Caption-style text data:

----

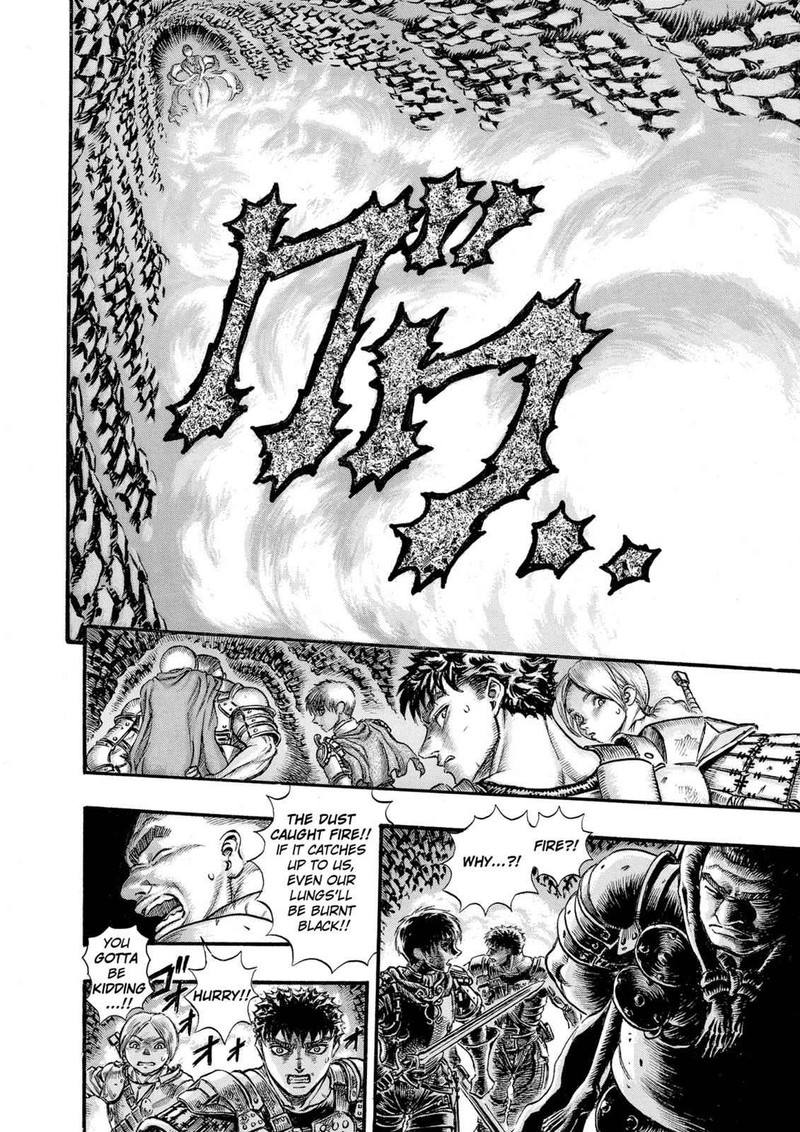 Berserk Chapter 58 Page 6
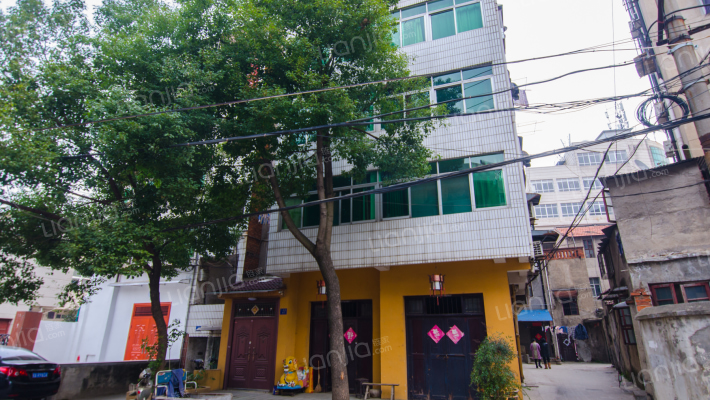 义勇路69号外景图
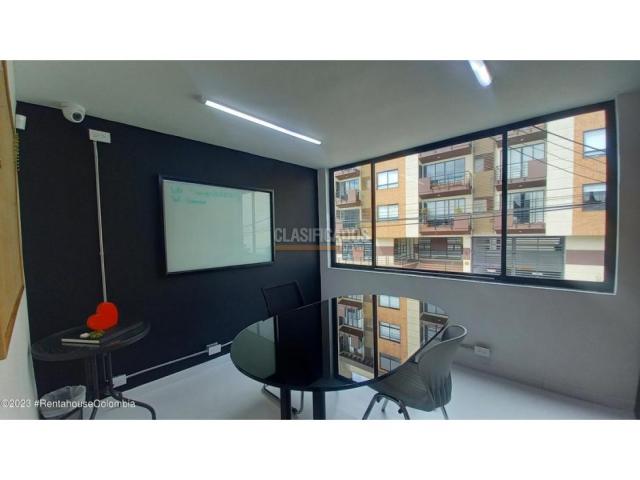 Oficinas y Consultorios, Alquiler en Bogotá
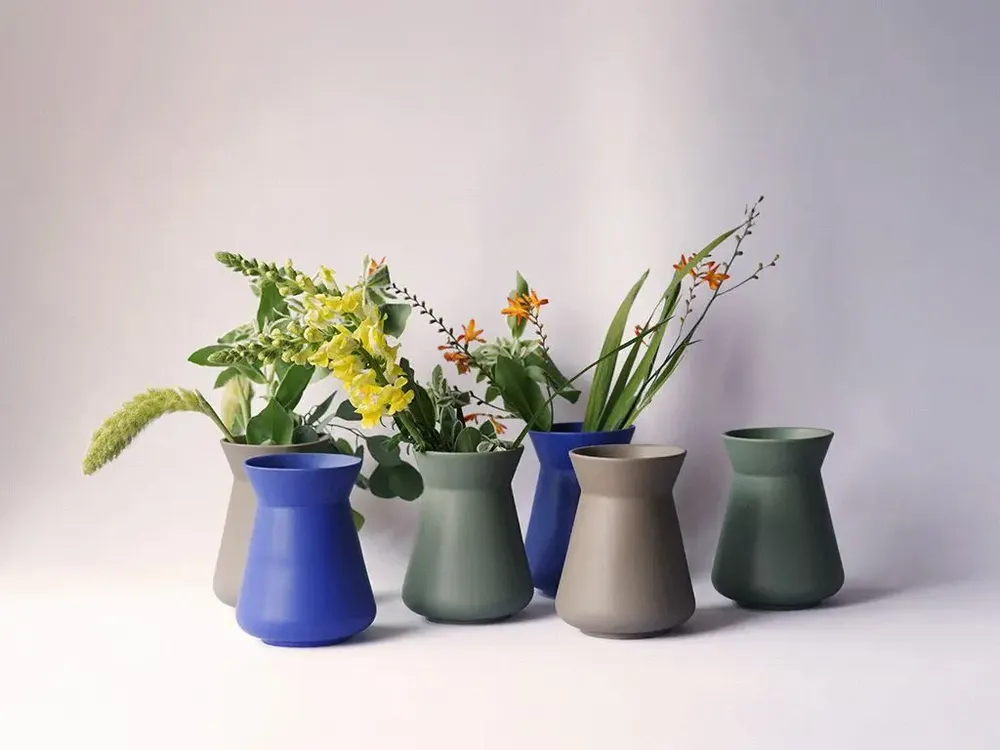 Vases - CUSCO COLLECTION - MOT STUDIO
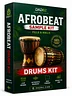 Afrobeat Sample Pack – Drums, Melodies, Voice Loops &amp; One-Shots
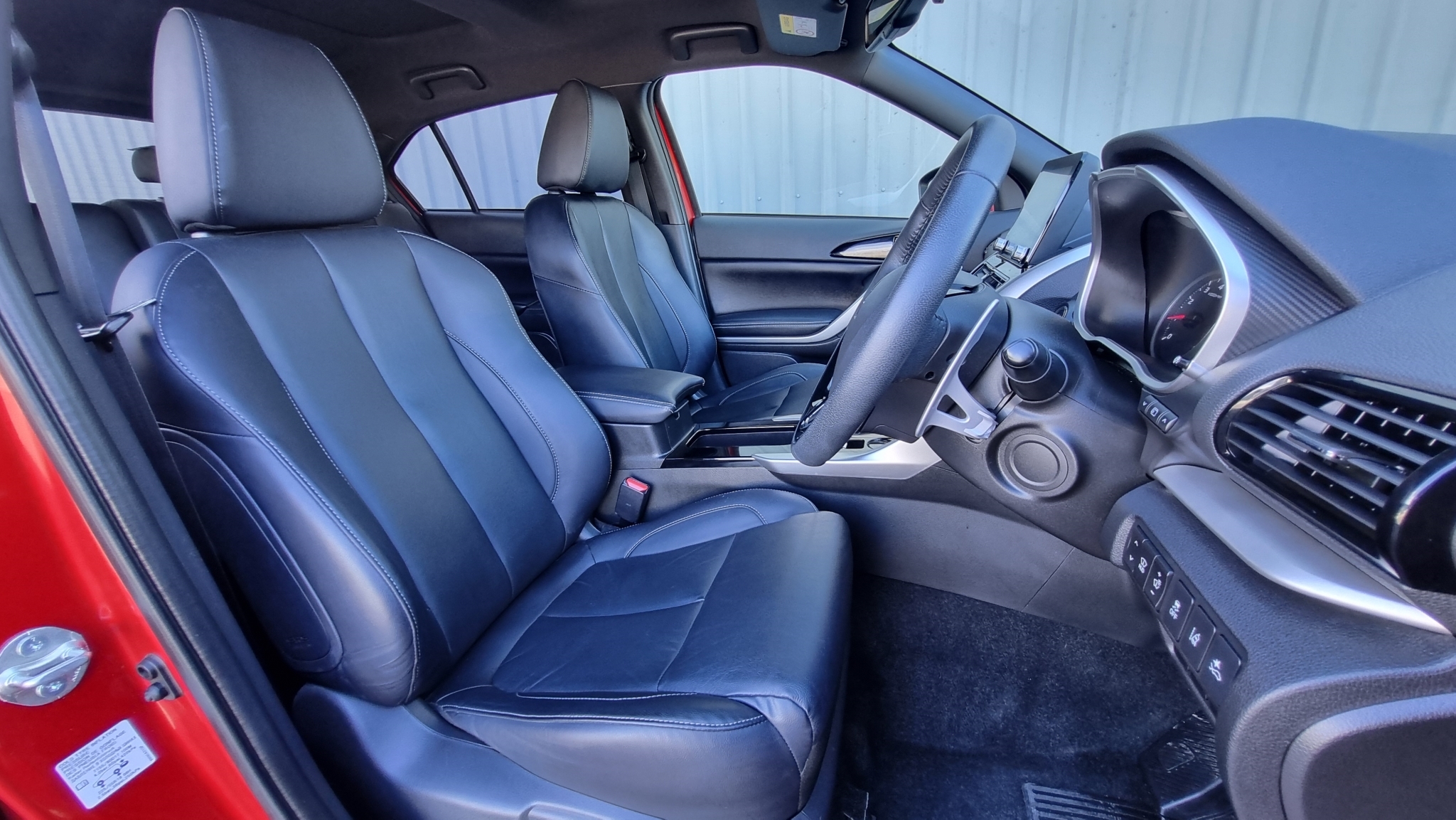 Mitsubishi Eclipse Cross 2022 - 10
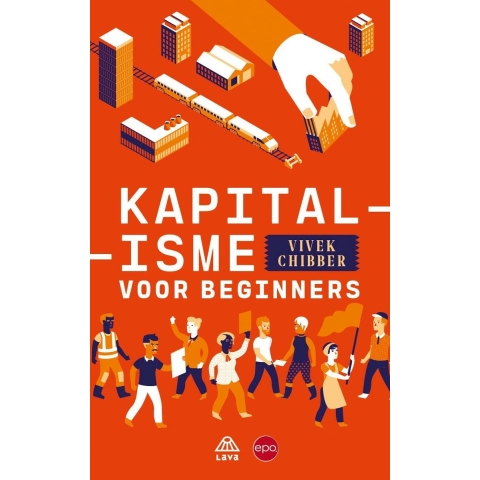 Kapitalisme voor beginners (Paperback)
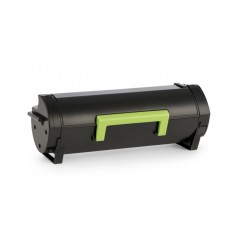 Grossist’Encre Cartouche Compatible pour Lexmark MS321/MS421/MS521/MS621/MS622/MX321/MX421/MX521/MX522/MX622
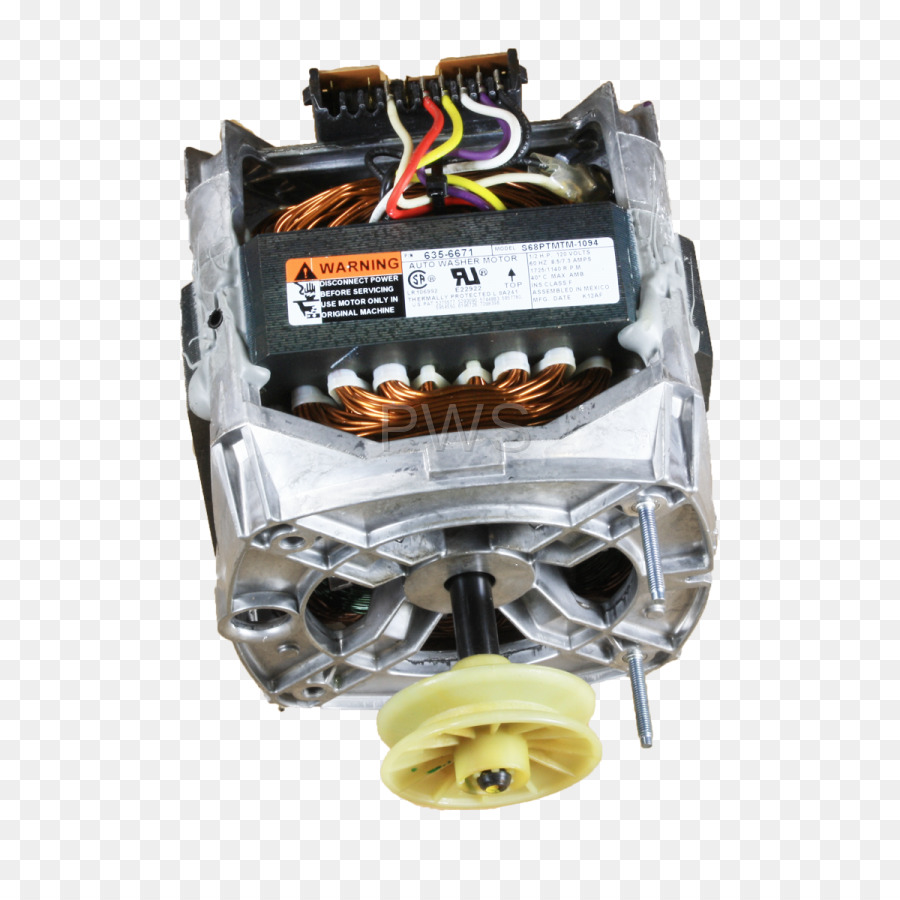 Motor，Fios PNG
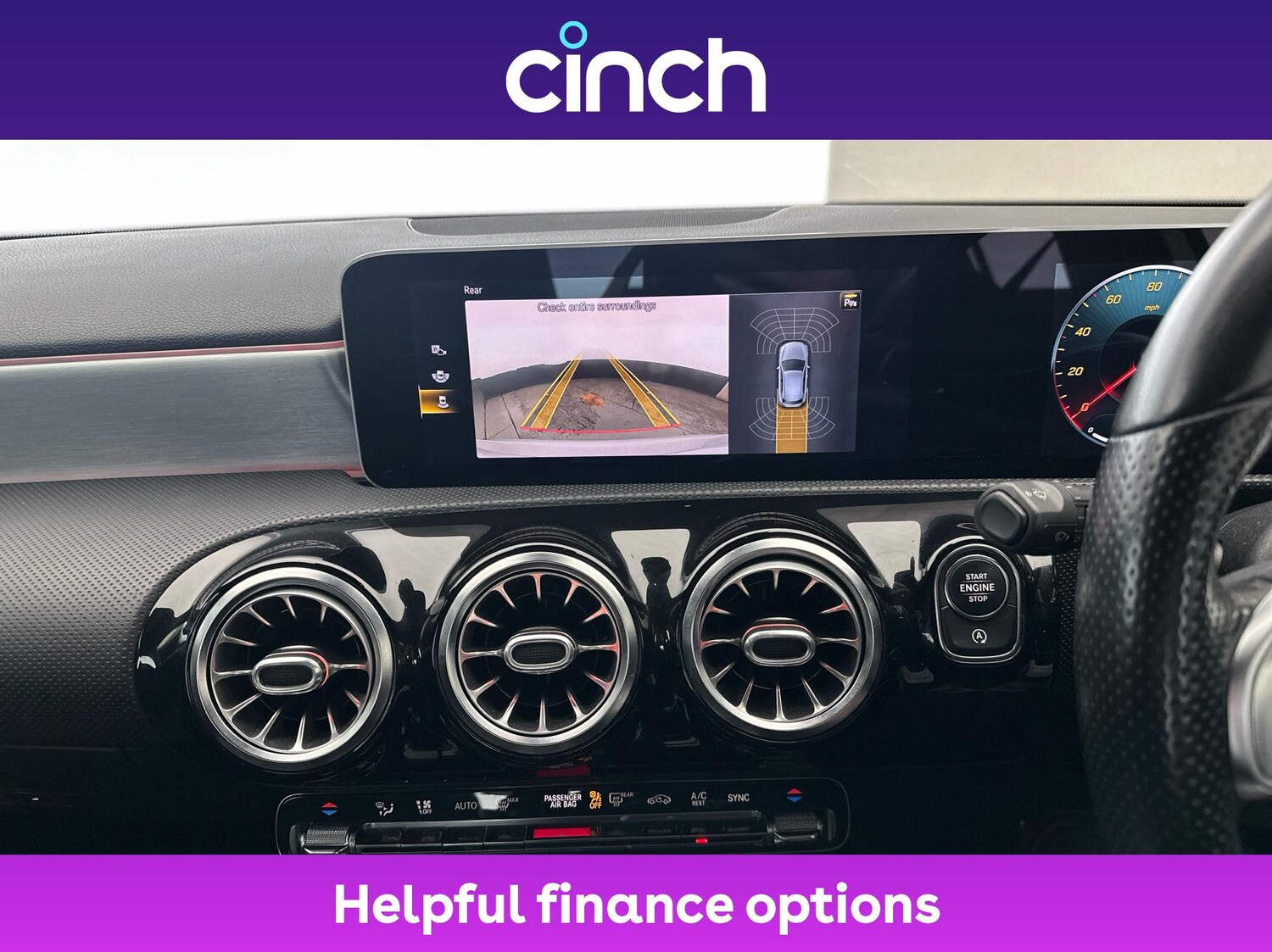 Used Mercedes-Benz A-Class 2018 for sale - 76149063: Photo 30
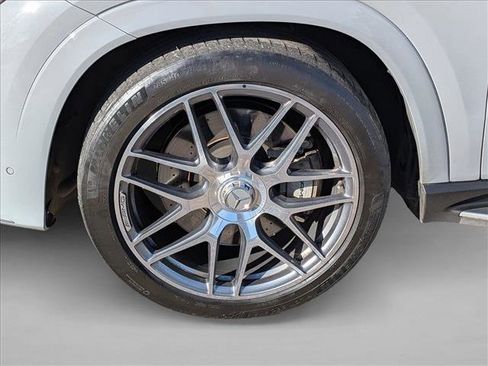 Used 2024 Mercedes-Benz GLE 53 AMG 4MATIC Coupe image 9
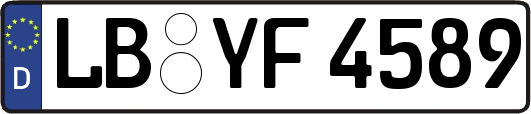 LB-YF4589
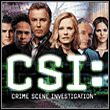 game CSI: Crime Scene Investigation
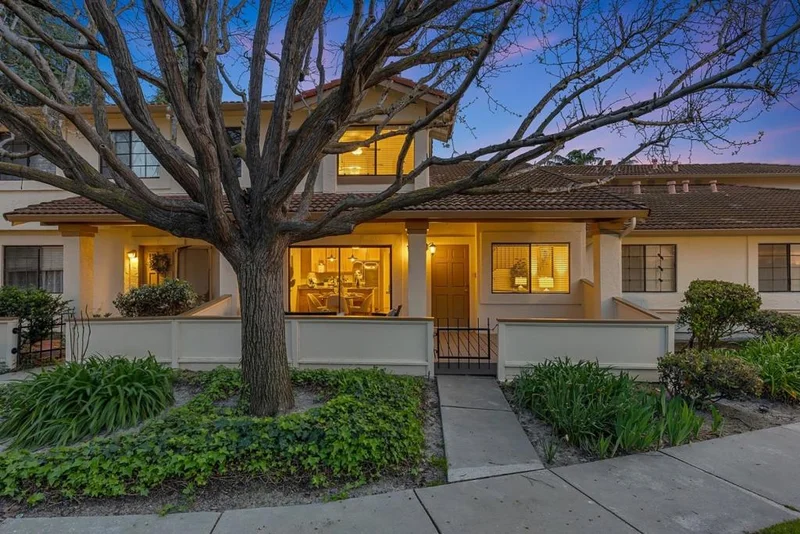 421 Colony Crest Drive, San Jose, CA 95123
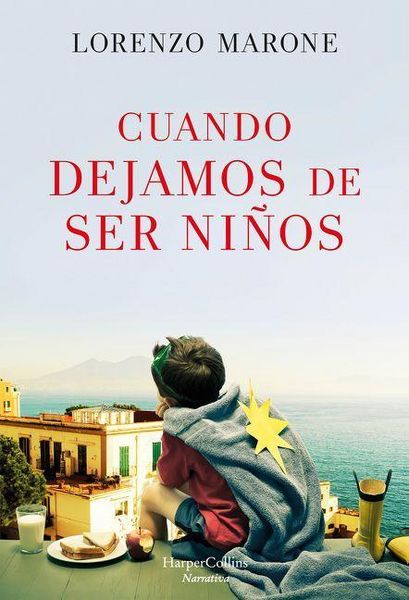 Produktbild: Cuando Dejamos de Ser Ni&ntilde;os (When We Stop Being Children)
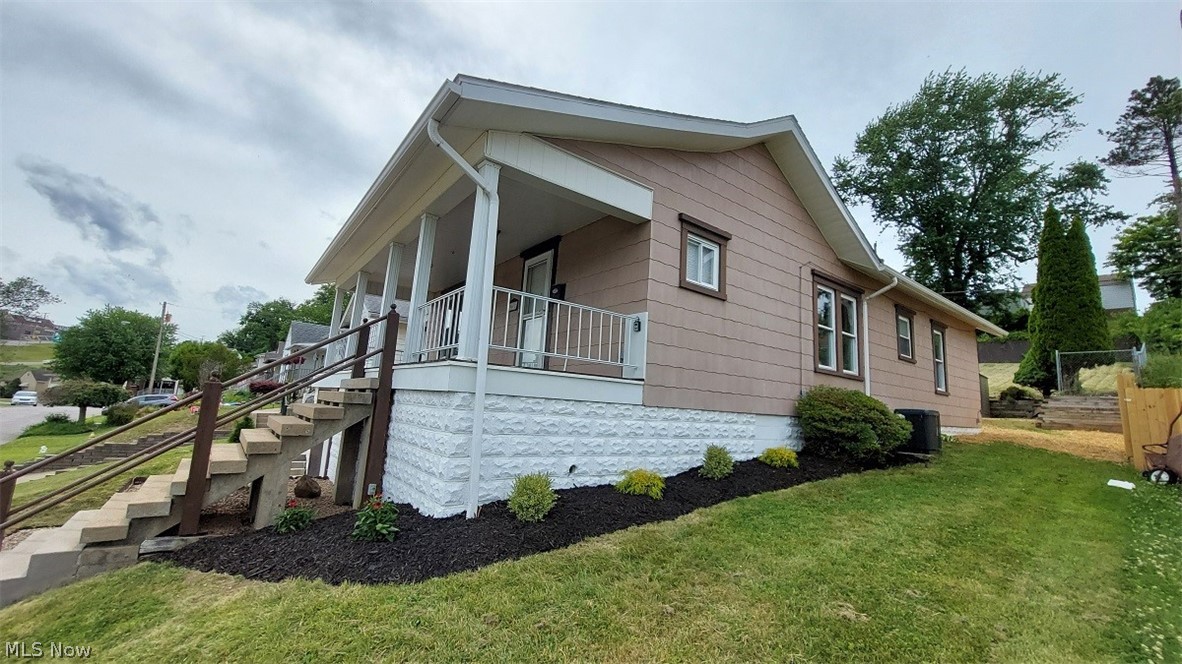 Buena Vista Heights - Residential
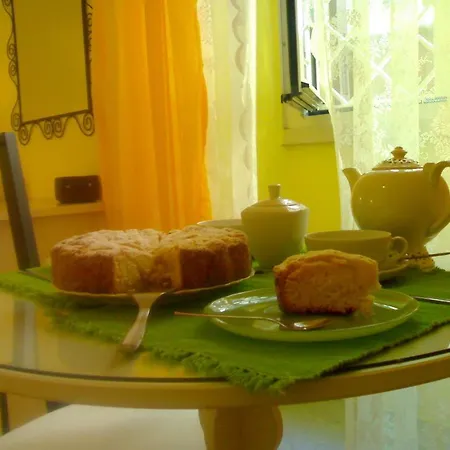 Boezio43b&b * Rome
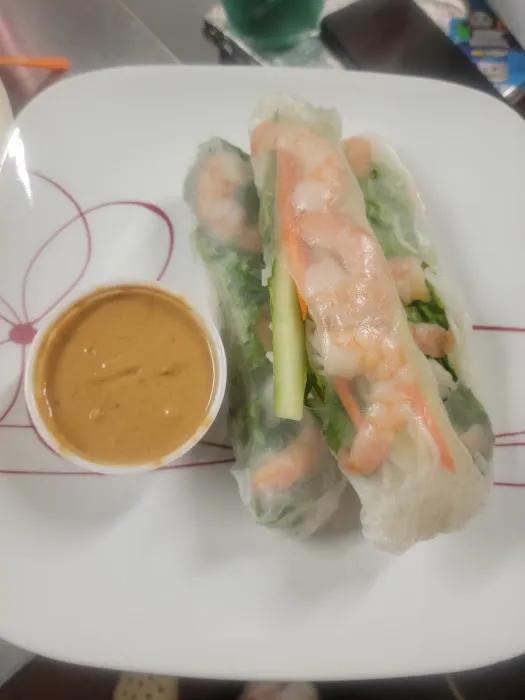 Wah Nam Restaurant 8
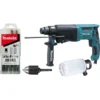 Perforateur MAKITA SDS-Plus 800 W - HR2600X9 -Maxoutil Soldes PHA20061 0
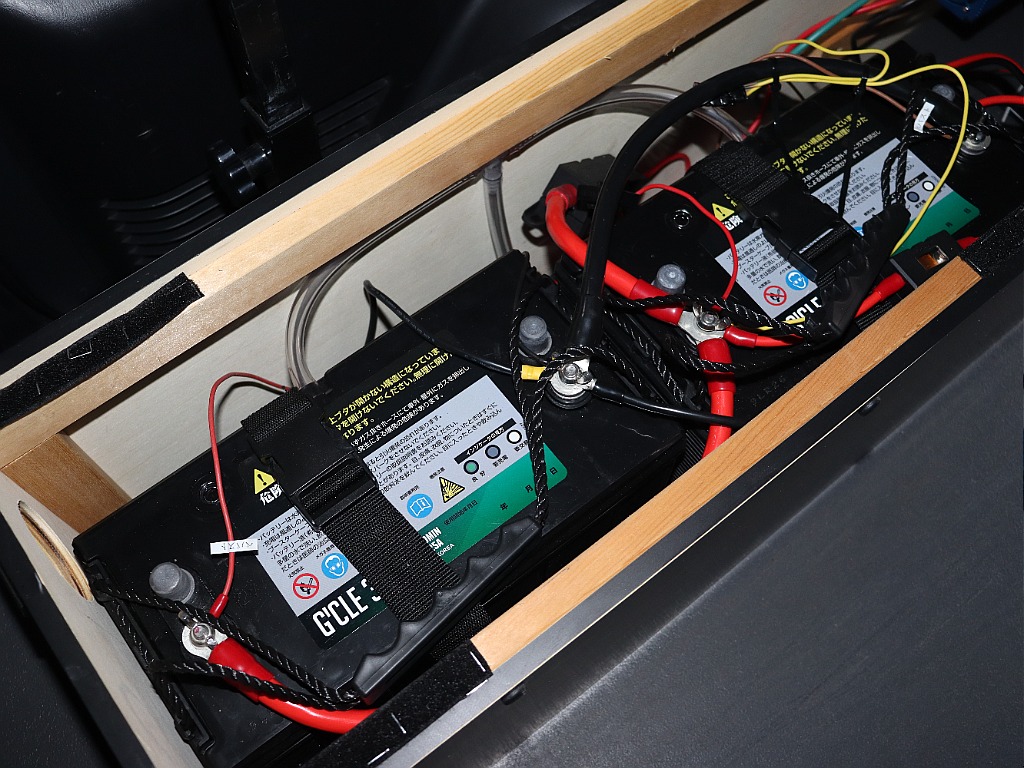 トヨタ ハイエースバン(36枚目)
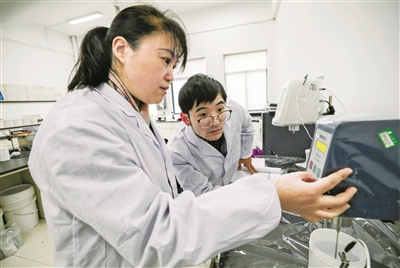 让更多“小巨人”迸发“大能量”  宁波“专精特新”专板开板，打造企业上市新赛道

----

Try it: Pictures excluded, reproduce only the part above that opens with the line holding "Vases - CUSCO COLLECTION - MOT STUDIO" and closes with the line holding "Motor，Fios PNG", exactly as written.

Response to this exercise:
 Vases - CUSCO COLLECTION - MOT STUDIO
 Afrobeat Sample Pack – Drums, Melodies, Voice Loops &amp; One-Shots
 Mitsubishi Eclipse Cross 2022 - 10
 Kapitalisme voor beginners (Paperback)
 Grossist’Encre Cartouche Compatible pour Lexmark MS321/MS421/MS521/MS621/MS622/MX321/MX421/MX521/MX522/MX622
 Motor，Fios PNG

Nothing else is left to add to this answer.